• [Exercise goal]:
Quote the line containing "Équipements Crystal Epoxy" and all lines that follow it in the listing below, exactly as written.

▼

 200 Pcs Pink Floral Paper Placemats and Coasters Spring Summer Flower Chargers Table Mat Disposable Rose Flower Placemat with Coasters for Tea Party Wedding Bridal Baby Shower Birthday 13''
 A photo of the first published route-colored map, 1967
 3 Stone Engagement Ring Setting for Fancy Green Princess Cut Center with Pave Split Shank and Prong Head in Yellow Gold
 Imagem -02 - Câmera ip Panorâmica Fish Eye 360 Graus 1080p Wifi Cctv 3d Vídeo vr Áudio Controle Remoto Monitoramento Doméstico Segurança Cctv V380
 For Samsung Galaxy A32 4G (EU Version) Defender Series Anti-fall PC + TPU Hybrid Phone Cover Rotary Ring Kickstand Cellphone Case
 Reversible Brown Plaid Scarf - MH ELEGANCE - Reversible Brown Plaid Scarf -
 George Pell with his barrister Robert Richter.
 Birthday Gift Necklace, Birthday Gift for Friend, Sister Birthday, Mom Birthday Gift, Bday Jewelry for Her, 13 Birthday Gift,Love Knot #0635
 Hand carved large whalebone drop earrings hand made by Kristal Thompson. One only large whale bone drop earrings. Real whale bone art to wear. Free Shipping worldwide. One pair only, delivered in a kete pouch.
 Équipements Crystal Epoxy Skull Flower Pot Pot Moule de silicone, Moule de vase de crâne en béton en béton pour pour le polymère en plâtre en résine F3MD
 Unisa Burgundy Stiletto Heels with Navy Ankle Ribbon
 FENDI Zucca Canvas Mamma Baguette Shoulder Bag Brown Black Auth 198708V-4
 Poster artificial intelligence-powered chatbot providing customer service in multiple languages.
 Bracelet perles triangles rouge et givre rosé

▲

• [Answer to the exercise]:
 Équipements Crystal Epoxy Skull Flower Pot Pot Moule de silicone, Moule de vase de crâne en béton en béton pour pour le polymère en plâtre en résine F3MD
 Unisa Burgundy Stiletto Heels with Navy Ankle Ribbon
 FENDI Zucca Canvas Mamma Baguette Shoulder Bag Brown Black Auth 198708V-4
 Poster artificial intelligence-powered chatbot providing customer service in multiple languages.
 Bracelet perles triangles rouge et givre rosé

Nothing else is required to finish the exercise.